- WHAT TO PRODUCE
Since the records include pictures, leave those out while you reproduce exactly and only the lines from the one containing "Nissin Souper Meal" through the one containing "Long Sleeve Waffle-Knit Boat-Neck Top", inclusive.

- EXERCISE MATERIALS
++++++++++
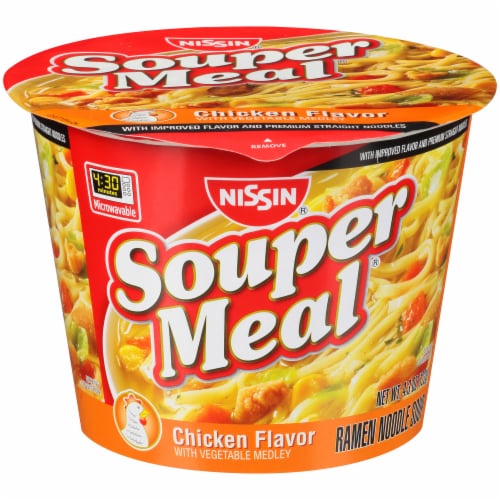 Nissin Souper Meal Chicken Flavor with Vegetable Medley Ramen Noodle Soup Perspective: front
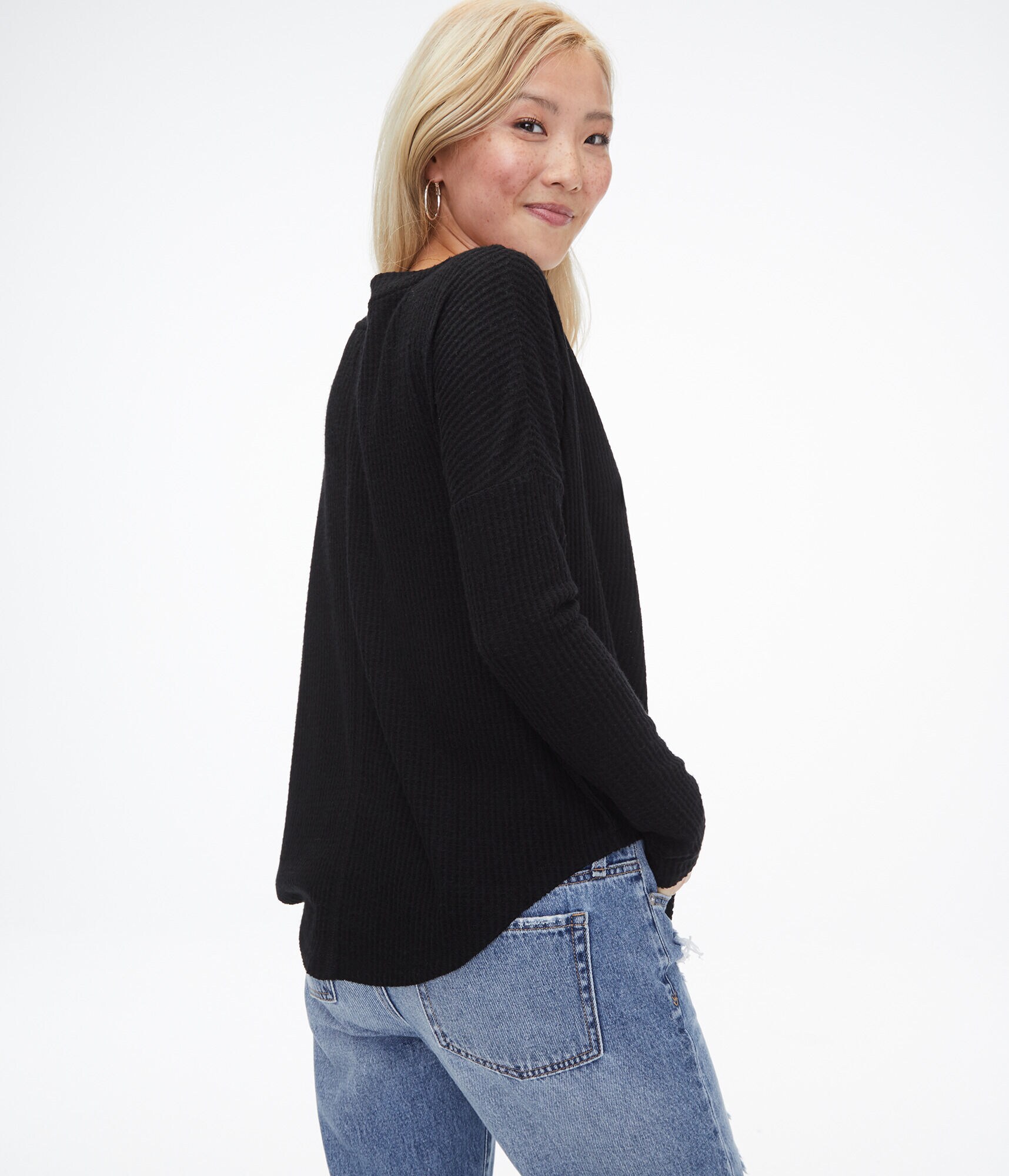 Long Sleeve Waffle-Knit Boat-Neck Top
++++++++++
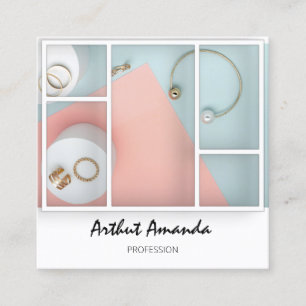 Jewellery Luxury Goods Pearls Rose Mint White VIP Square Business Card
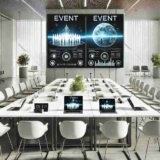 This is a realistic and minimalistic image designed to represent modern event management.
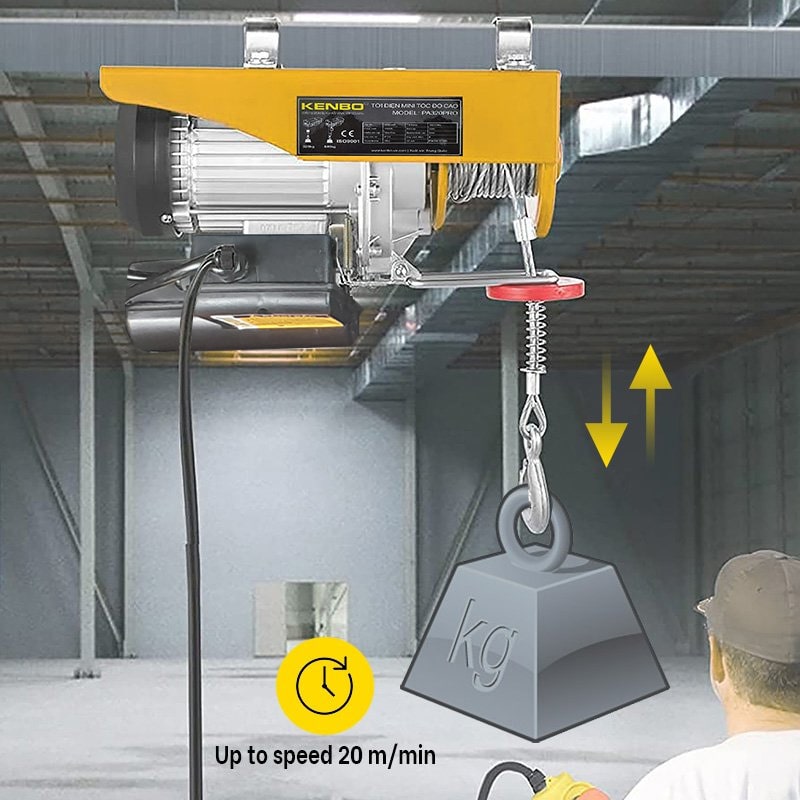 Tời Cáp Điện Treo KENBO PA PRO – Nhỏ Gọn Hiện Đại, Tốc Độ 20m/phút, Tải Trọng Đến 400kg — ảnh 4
++++++++++
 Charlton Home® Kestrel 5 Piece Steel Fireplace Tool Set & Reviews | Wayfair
++++++++++
- WRITTEN REPLY
 Nissin Souper Meal Chicken Flavor with Vegetable Medley Ramen Noodle Soup Perspective: front
 Long Sleeve Waffle-Knit Boat-Neck Top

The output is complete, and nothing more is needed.